En effet, cette race de puissants guerriers n’est pas en tant que telle « démoniaque » au sens traditionnel du terme. Ils sont simplement poussés par un égoïsme leur faisant voir ce qui est bien pour eux seuls comme « le bien », et ce qui les retarde ou s’oppose à eux comme « le mal ». En cela on s’éloigne du cliché du méchant dévoué à un culte infernal prenant son plaisir dans la souffrance et autres joyeusetés, ce qui est déjà un bon point. Ce n’est toutefois certainement pas là que ce roman se révèle être de grande qualité.
Ce qui fait de Dark Moon un roman exceptionnel réside dans ses personnages hauts en couleurs, profonds, complexes, non-manichéens, attachants, puissants…
Dans ce roman réside peut-être la quintessence de ce que Gemmell aura su concevoir de plus abouti en termes de personnages. Tarentio, bretteur mercenaire d’exception ; Karis, jeune capitaine d’une troupe de mercenaires, collectionneuses d’amants et fine tacticienne ; Duvodas, harpiste exceptionnel ayant été élevé par les doux Eldarins peu avant qu’ils ne se volatilisent, et porteur d’une magie au potentiel insoupçonné… les personnages prenant rapidement de l’importance, tant dans l’action elle-même que dans la part sentimentale qu’ils apportent à l’intrigue, sont trop nombreux pour être tous cités.
Nobles, guerriers, inventeurs, courtisanes, magiciens ou mercenaires, ont tous une part de ce qui rend le récit agréable à lire. L’un d’entre eux ne peut cependant être ignoré : Dace, la seconde âme de Tarentio. Ici réside un point clef du roman, conférant à Tarentio une double aura, à la fois héroïque et inquiétante, bonne et malsaine, ambigüe et changeante. Le héros n’est pas seulement un « gentil », mais recèle une part d’ombre qui prend vie indépendamment pour mieux transcender le personnage. Doublement intéressant, Dace/Tarentio est un savant mélange de héros et d’antihéros coincés en un seul et même corps. Là où chaque personnage apporte au récit une subtilité qui lui est propre, on appréciera l’honorable Tarentio, de même que l’on se surprendra à rire avec Dace lorsqu’il brise os et membre.
Concernant le style même, on ne peut que dire « c’est du Gemmell ».
Les combats sont intenses et bien menés, les scènes de discussion, et plus globalement tout ce qui n’est pas du ressort du combat, n’est jamais ennuyeux. On prend le temps de s’attacher aux personnages en quelques pages à peine, et l’alternance de brutalité guerrière, d’intrigue politique et commerciale, de trahison, d’amour, et même d’érotisme, nous procurent un tableau pour ainsi dire complet de ce que la Fantasy Gemmellienne peut offrir de meilleur.

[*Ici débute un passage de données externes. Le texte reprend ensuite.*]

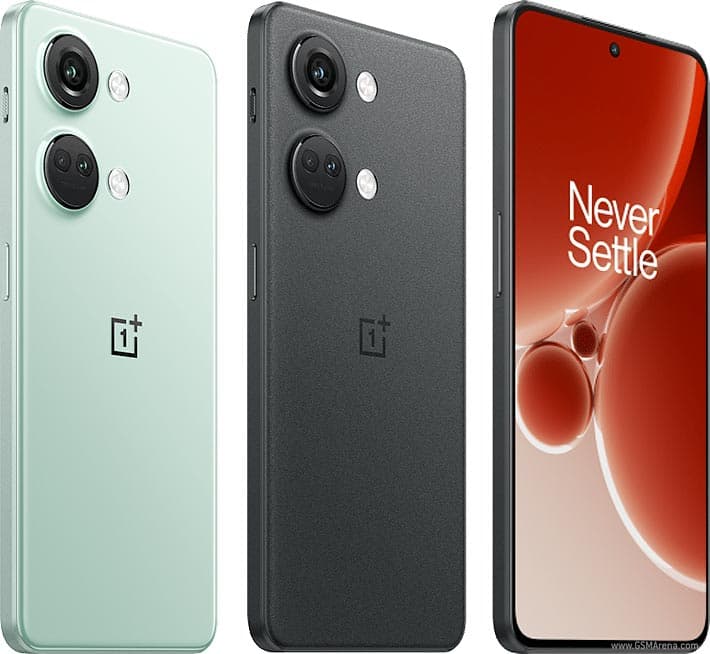 OnePlus Nord 3 gallery image 1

Le lecteur qui ne connait pas encore Gemmell se fera un plaisir de le découvrir avec cette fresque aussi belle que forte, tandis que l’habitué de cet écrivain retrouvera en moins de 350 pages tout ce qui fait de Gemmell un éternel incontournable de ce genre. Dark Moon peut sans aucun doute figurer dans la catégorie des livres qu’on peut lire et relire avec un plaisir sans cesse renouvelé.
Il s’agit sans conteste de l’un des meilleurs romans isolés de cet auteur, si ce n’est le meilleur tout court.
Seule ombre au tableau : son faible nombre de pages qui nous laisse une vague impression de frustration.
Aimer le style Gemmellien est une condition sine qua non pour apprécier cet ouvrage, c’est une évidence, aussi conviendra-t-il de rappeler qu’une intrigue complexe et une grande subtilité scénaristique ne sont pas ce qui fait la force de ce roman.
A consommer sans modération si vous aimez la Fantasy qui va droit au but sans pour autant ne constituer qu’une succession incessante de combats.